Une première entrevue eut lieu immédiatement. L'on discuta d'abord de la nécessité de la rencontre et il n'y eut qu'une opinion là-dessus ; les témoins avaient reçu,d'ailleurs, des mandats formels. Cependant, pour la forme et afin d'épuiser ce que l'on appelle toutes les tentatives de conciliation, M. Melchior de Vogué se borna à demander: " M. Emile Zola retire-t-il les mots "sympathie" et "talent si grand et si personnel" qui ont été généralement considérés comme une grave insulte dans le monde des lettres ?
Non, répondit M. Paul Alexis d'une voix farouche.
Il suffirait que votre client, reprit M. Mézières avec douceur, écrivît simplement qu'il considère M. Pierre Loti comme le plus superbe écrivain de la littérature française; qu'il ajoutât, par exemple, que Chateaubriand ne peut même pas lui être comparé. Qu'est-ce que cela vous fait ? Chateaubriand est mort, il n'a pas de descendants. Personne ne réclamerait.
C'est impossible, déclara M. Henry Céard.
– Il ne nous reste donc plus, continua M. Melchior de Vogué, qu'à régler les conditions du combat. Nous sommes l'offensé, nous demandons le pistolet.
On pourrait vous contester cette qualité, dit M. Paul Alexis, mais cela nous entraînerait trop loin. Soit, nous acceptons le pistolet. A combien de pas ?
Ici, M. Mézières intervint.
Messieurs, dit-il, il existe dans l'histoire l'exemple d'un duel qui n'est pas sans analogie avec celui-ci, je veux parler du duel Gambetta-Fourtou. Ces deux illustres orateurs s'étaient offensés publiquement ; l'opinion exigeait qu'ils se rencontrassent à main armée ; mais aucun des témoins n'aurait consenti à voir son nom mêlé à une affaire sanglante qui eût privé la tribune française d'un de ses plus beaux ornements, quel qu'eût été le résultat. On adopta donc des conditions, comment dirai-je ? modérées. Bref, on employa ce tact, cette délicatesse, ce savoir-vivre, qui font qu'un duel n'est pas un massacre digne des pires époques de la barbarie.

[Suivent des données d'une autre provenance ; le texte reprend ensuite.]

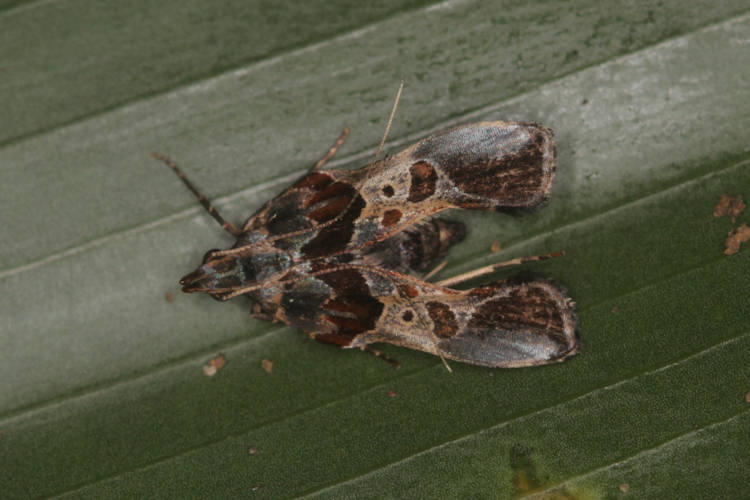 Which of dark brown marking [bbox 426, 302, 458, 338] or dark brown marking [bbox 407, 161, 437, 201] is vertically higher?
dark brown marking [bbox 407, 161, 437, 201]

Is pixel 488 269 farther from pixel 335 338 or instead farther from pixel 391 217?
pixel 335 338

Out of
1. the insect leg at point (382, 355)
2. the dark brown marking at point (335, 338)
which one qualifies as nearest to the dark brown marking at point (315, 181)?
the dark brown marking at point (335, 338)

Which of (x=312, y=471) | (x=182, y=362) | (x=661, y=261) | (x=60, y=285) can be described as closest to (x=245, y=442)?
(x=312, y=471)

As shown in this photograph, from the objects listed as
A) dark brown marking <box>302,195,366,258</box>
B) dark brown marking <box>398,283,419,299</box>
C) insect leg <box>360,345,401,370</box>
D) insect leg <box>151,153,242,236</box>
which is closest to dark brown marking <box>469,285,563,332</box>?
dark brown marking <box>398,283,419,299</box>

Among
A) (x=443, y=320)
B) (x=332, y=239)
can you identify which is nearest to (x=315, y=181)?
(x=332, y=239)

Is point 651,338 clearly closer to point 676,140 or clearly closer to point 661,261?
point 661,261

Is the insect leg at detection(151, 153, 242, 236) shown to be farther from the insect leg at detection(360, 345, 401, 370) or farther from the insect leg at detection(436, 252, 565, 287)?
the insect leg at detection(436, 252, 565, 287)

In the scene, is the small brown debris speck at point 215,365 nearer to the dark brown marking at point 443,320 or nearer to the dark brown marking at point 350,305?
the dark brown marking at point 350,305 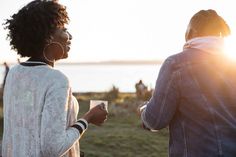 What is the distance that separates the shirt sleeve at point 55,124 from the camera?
2.57m

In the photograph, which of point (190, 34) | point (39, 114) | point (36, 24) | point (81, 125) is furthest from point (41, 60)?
point (190, 34)

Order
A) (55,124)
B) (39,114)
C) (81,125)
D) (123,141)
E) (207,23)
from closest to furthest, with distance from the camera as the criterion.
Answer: (55,124)
(39,114)
(81,125)
(207,23)
(123,141)

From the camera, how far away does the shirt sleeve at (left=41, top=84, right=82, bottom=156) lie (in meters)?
2.57

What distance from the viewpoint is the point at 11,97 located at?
2840 mm

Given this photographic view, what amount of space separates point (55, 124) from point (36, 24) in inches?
22.7

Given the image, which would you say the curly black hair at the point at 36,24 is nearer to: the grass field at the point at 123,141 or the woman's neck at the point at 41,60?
the woman's neck at the point at 41,60

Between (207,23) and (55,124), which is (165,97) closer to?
(207,23)

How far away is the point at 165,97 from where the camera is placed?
2.88m

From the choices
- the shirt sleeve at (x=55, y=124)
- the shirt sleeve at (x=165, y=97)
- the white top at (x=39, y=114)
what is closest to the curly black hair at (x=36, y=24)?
the white top at (x=39, y=114)

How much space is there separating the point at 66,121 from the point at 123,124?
10.6 meters

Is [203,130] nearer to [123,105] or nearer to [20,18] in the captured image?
[20,18]

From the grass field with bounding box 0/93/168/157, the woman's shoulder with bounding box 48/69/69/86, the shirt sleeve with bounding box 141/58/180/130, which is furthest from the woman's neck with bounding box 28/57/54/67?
the grass field with bounding box 0/93/168/157

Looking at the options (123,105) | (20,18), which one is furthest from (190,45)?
(123,105)

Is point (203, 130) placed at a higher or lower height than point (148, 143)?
higher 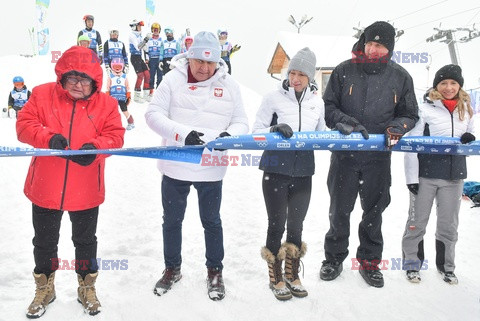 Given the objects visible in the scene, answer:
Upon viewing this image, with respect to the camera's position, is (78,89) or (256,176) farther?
(256,176)

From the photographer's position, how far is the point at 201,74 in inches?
127

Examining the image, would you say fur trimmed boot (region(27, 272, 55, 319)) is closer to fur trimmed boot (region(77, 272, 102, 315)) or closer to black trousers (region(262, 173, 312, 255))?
fur trimmed boot (region(77, 272, 102, 315))

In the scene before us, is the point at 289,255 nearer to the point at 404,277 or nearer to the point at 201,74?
the point at 404,277

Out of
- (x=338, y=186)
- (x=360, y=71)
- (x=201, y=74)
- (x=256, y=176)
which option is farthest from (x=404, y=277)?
(x=256, y=176)

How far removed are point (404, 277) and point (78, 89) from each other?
142 inches

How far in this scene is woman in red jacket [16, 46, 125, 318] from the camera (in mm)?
2721

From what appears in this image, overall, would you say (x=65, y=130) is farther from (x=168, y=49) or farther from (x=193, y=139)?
(x=168, y=49)

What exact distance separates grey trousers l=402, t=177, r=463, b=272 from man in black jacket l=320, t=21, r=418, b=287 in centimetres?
41

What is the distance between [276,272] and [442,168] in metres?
1.95

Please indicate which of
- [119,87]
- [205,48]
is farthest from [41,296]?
[119,87]

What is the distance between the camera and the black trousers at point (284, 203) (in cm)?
335

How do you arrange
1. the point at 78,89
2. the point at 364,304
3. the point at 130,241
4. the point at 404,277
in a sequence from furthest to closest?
the point at 130,241, the point at 404,277, the point at 364,304, the point at 78,89

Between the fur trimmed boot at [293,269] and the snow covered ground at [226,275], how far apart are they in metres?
0.09

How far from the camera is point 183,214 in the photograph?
340 cm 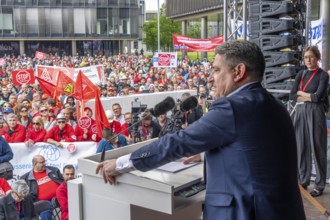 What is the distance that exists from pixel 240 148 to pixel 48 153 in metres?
7.60

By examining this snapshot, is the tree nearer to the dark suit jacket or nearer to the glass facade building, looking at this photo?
the glass facade building

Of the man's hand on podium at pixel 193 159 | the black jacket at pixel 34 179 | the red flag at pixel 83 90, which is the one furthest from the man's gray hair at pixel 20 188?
the red flag at pixel 83 90

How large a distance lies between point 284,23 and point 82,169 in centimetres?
499

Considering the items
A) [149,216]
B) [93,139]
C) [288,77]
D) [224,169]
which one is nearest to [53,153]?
[93,139]

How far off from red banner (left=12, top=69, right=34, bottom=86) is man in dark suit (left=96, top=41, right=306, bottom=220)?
1531cm

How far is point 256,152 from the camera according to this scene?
2217 mm

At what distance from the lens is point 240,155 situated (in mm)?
2209

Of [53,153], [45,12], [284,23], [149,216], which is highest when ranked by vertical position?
[45,12]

Certes, le courage des adversaires ne saurait être mis en doute mais dans un duel, c'est principalement de la responsabilité des témoins qu'il s'agit, n'est-il pas vrai? "
Tout le monde approuva ce raisonnement et l'on rédigea le procès-verbal ci-dessous:

A la suite de lettres injurieuses, une rencontre a été jugée inévitable entre M. Pierre Loti, membre de l'Académie française, et M. Emile Zola. Elle aura lieu aux environs de Paris. l'arme choisie est le pistolet de combat. Deux balles seront échangées à cinquante pas
     Pour M. Pierre Loti : MM. Mézières et Melchior de Vogué
     Pour M. Emile Zola : MM. Paul Alexis et Henry Céard

Afin de dépister les innombrables curieux dont la présence eût vraisemblablement transformé le duel en une séance de l'Académie française, les combattants, les témoins et les docteurs, au lieu de prendre deux landaus, ainsi que c'est l'usage, louèrent un mail-coach, que M. Gordon Bennett lui-même s'offrit à conduire.
Durant le trajet de Paris au Vésinet, MM. Emile Zola et Pierre Loti causèrent à plusieurs reprises d'art et de littérature avec la plus grande cordialité. C'est ainsi que, en traversant la banlieue. M. Loti, apercevant un ouvrier en "État complet d'ivresse, qui battait sa femme, pendant qu'un enfant en bas âge le tirait par son pantalon et qu'un chien aboyait avec fureur, dit à son adversaire "Ah! maître, quelle description vous nous feriez de ce pittoresque tableau".
Tiens c'est une idée, s'écria M. Zola.
Et toute la troupe s'arrêta dans un petit restaurant. M. Zola demanda une plume et de l'encre et écrivit deux pages.
De même, comme on traversait un bois, M. Emile Zola remarqua un rossignol,jeune encore, qui se penchait hors de son nid pour contempler la vanité de l'existence.
Oh! Loti, soupira-t-il, racontez-nous cela.
Et Loti, sortant un carnet de sa poche, prit des notes.
On arriva ainsi sur le théâtre du combat..
Ce fut M. Melchior de Vogué qui mesura les pas. Il en compta cinquante et indiqua leurs places aux adversaires.

Comment ! s'écria M. Paul Alexis. Mais, moi aussi, je veux faire cinquante pas. Nous devons faire cinquante pas chacun. Ce n'est pas juste. On eut de la peine à lui faire comprendre que, si chaque témoin faisait cinquante pas, cela ferait deux cents pas, ce qui était contraire au procès-verbal. Il se mit alors à verser d'abondantes larmes, et cela retarda la rencontre de quelques minutes.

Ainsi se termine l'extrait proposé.